I wasn't aware the Unix philosophy was to not use multithreading on large jobs t...

dale_glass · on May 12, 2023

Unix generally favors processes over threads, at least the old school Unix. Threads are a more recent innovation.

The old approach was that programs don't need internal parallelism because you can get it by just piping stuff and relying on the kernel's buffering to keep multiple processes busy.

Eg, tar is running on one core dealing with the filesystem, gzip is running on another core compressing stuff.

In the early days, Windows would have a single program doing everything (eg, Winzip) on a single core, while Unix would have a pipeline with the task split into multiple programs that would allow for this implicit parallelism and perform noticeably better.

Today this is all old and doesn't cut it anymore on 128 core setups.

loeg · on May 12, 2023

“Recent” as in the 80s or 90s, sure. Threads are older than unix was when threads were introduced.

fnordpiglet · on May 12, 2023

I’m not sure I understand. Typically I’ve thought of threads called “threads” being formalized with POSIX threads. Before that, while my memory is vague on this, it was just lumped into multiprocessing under various names.

loeg · on May 12, 2023

Even if you ignore threading models prior to pthreads, pthreads itself dates to 1995.

fnordpiglet · on May 12, 2023

And Unix 1973

loeg · on May 12, 2023

So: Unix was ~22 when Pthreads were introduced in 1995, and Pthreads are 28 years old now.

wanttocomment · on May 12, 2023

I agree with most of these points except blaming this on processes vs threads. The only difference is all memory being shared by default, vs explicitly deciding what memory to share. With all the emphasis on memory safety on HN you think this point would be appreciated.

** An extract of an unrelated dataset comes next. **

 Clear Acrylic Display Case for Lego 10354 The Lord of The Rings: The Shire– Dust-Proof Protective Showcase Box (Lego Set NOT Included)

fnordpiglet · on May 12, 2023

That’s fairly new, with threads and processes becoming basically the same. Historically threads didn’t exist, then they were horrifically implemented and non standard, then they standardized and were horrifically implemented, then they were better implemented but the APIs were difficult to use safely, etc etc. Also threads were much more light weight than a process. This shifted with light weight processes, etc.

wanttocomment · on May 12, 2023

That's true, but if you're looking that far back, multicore is new too

fnordpiglet · on May 12, 2023

I guess “that far back” becomes different as you get older :-) it doesn’t seem that long ago to me :-)

saagarjha · on May 12, 2023

Well, if you split the file into chunks you could fan it across cores by compressing each individually.

frde · on May 12, 2023

Having to do things like this is exactly the problem.

mhh__ · on May 12, 2023

Processes can still be fine. If you're lucky you can be debating over whether you'd like something to be 99x or 100x faster.

masklinn · on May 12, 2023

With all due respect to Carmack he’s using bzip in 2023, that’s pretty outdated on every front.

dgacmu · on May 12, 2023

You'd be surprised. There are some workloads - for me, it's geospatial data - where bzip2 clobbers all of the alternatives.

PhilipRoman · on May 12, 2023

I'm using bzip2 to compress a specific type of backup. In my case I cannot afford to steal CPU time from other running processes, so the backup process runs with severely limited CPU percentage. By crude testing I found that bzip2 used 10x less memory and finished several times faster than xz, while being very close on the compression rate.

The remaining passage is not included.